• **PROVIDED DATA**
Segment Open

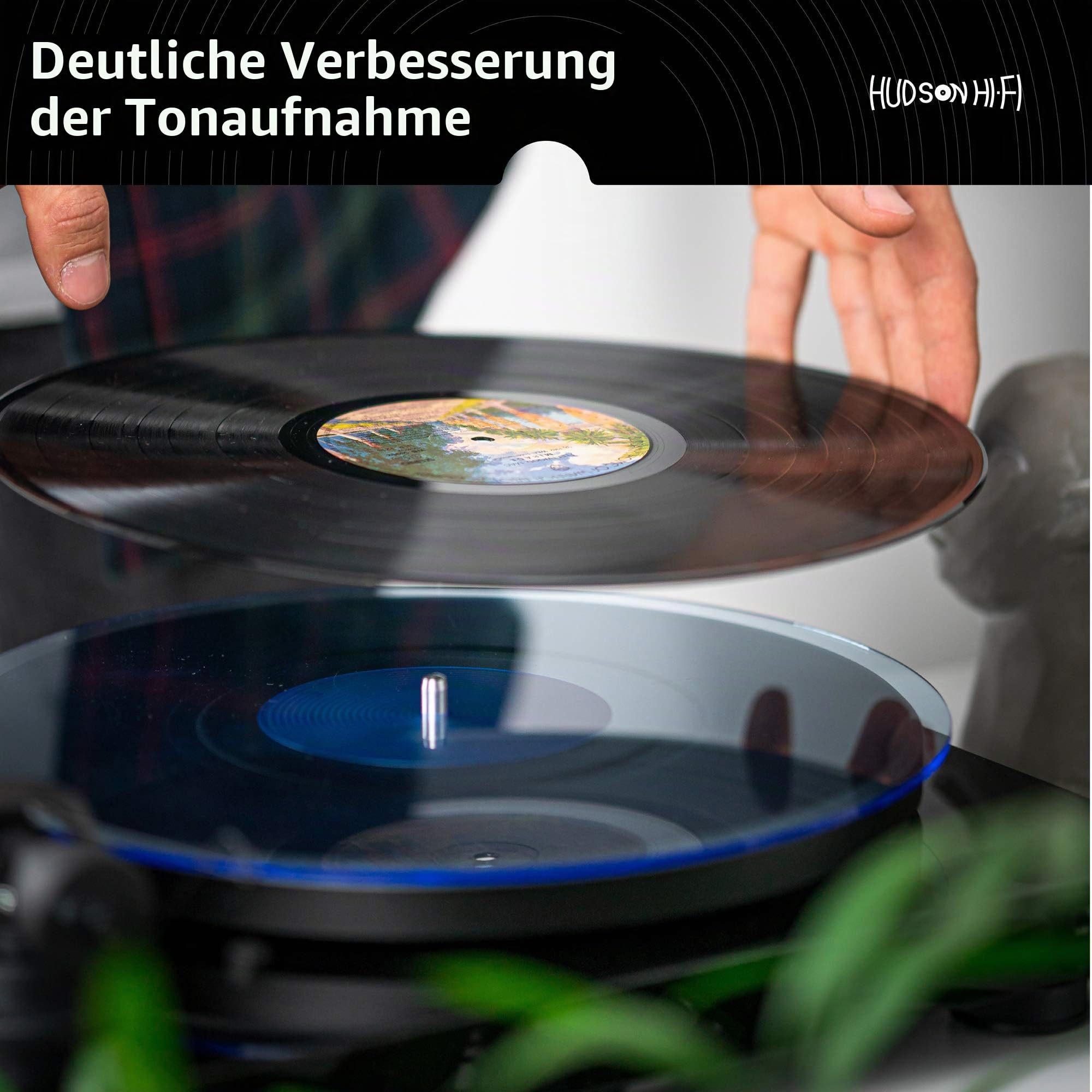 Hudson Hi-Fi Plattenspieler - Matte aus Acryl - BlueLit - LP Slipmat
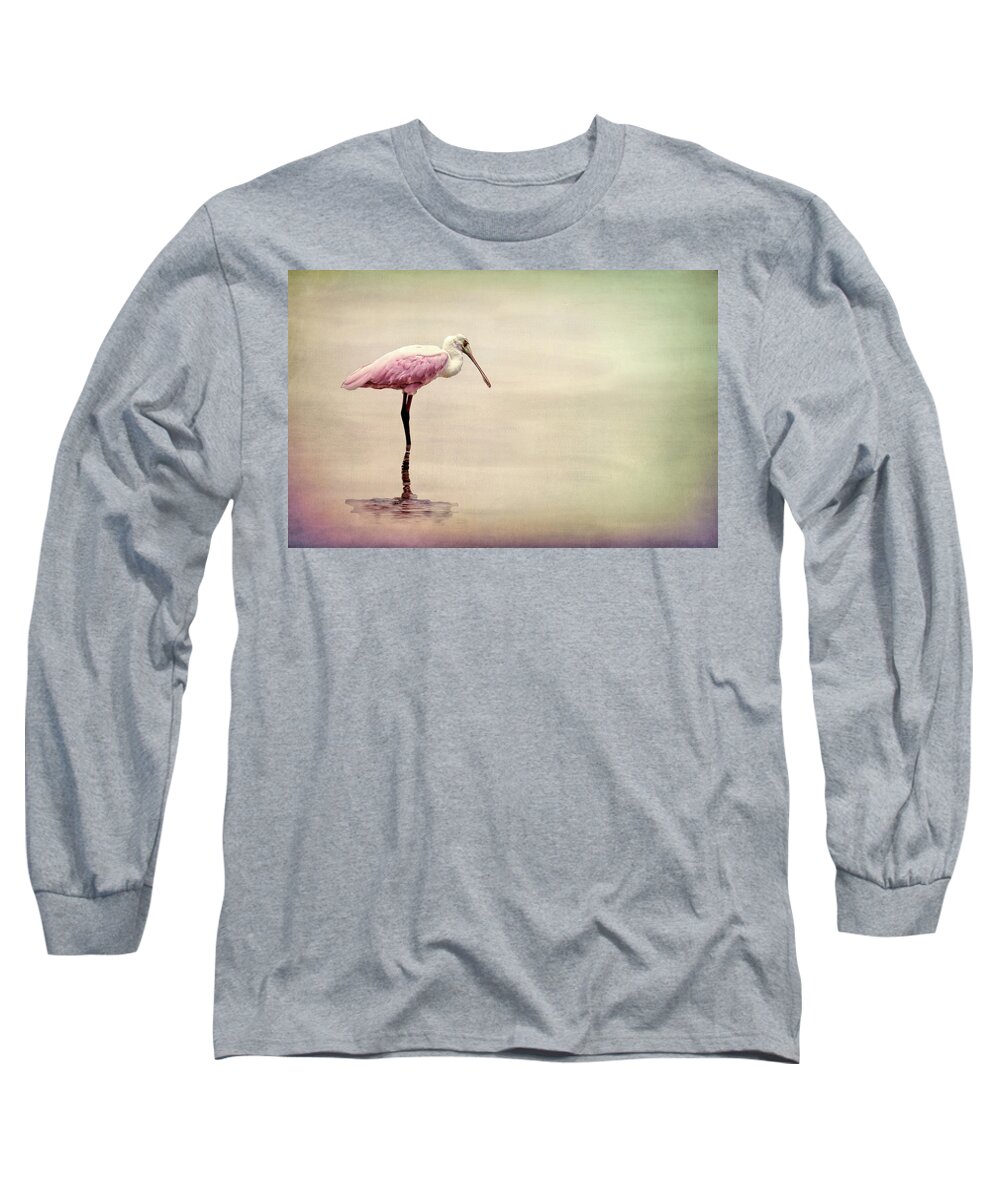 Spoonbill Long Sleeve T-Shirt featuring the mixed media Spoonbill Pink by Rosalie Scanlon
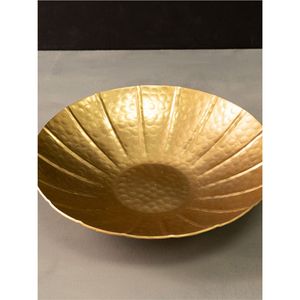 Luxury Handcrafted Gold Hammered Decorative Bowl White Textured Metal Centerpiece for <b>Wedding</b> Party Wholesale Home Decor Bowl - Product Image 5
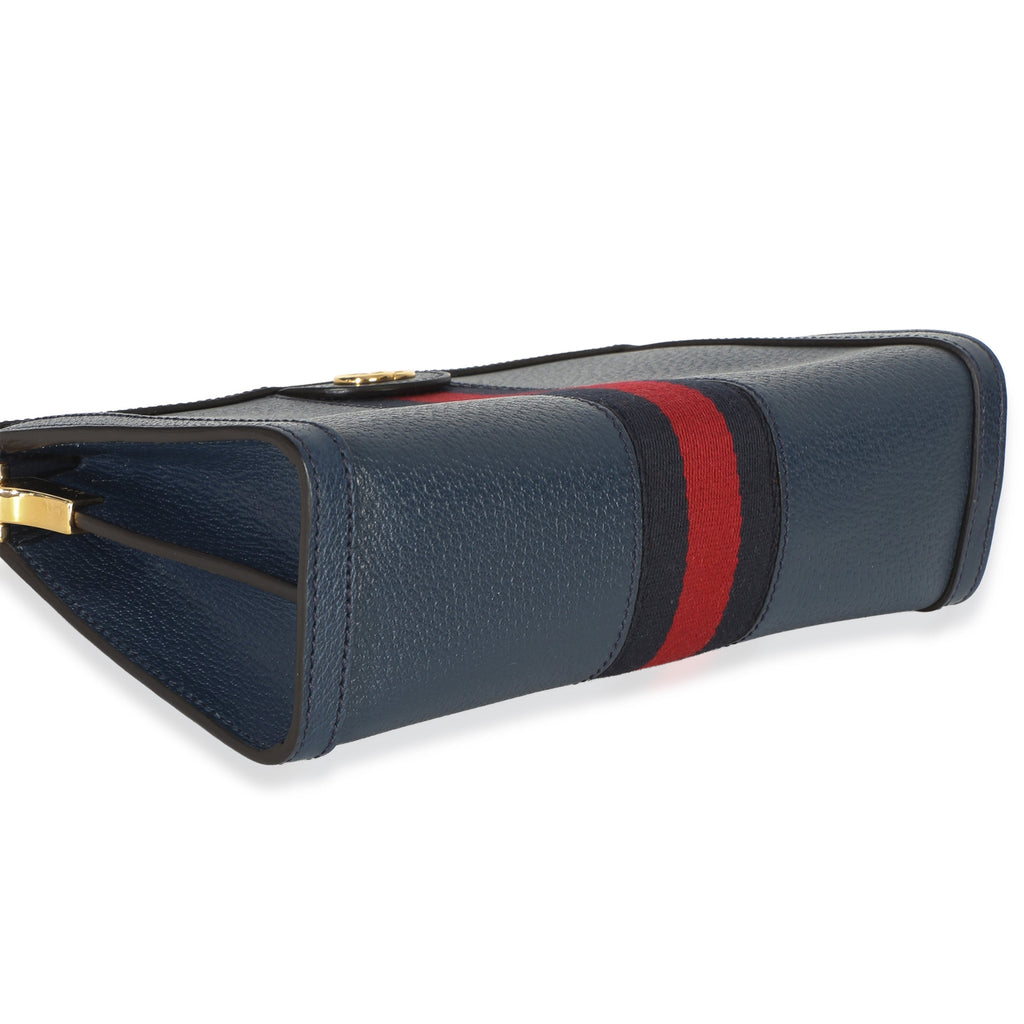 Gucci Navy Calfskin GG Ophidia Small Web Chain Bag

Segment Closed

• **TASK DIRECTIONS**
Drop the images and return the data verbatim.

• **SOLUTION TO THIS TASK**
 Hudson Hi-Fi Plattenspieler - Matte aus Acryl - BlueLit - LP Slipmat
 Spoonbill Long Sleeve T-Shirt featuring the mixed media Spoonbill Pink by Rosalie Scanlon
 Luxury Handcrafted Gold Hammered Decorative Bowl White Textured Metal Centerpiece for <b>Wedding</b> Party Wholesale Home Decor Bowl - Product Image 5
 Gucci Navy Calfskin GG Ophidia Small Web Chain Bag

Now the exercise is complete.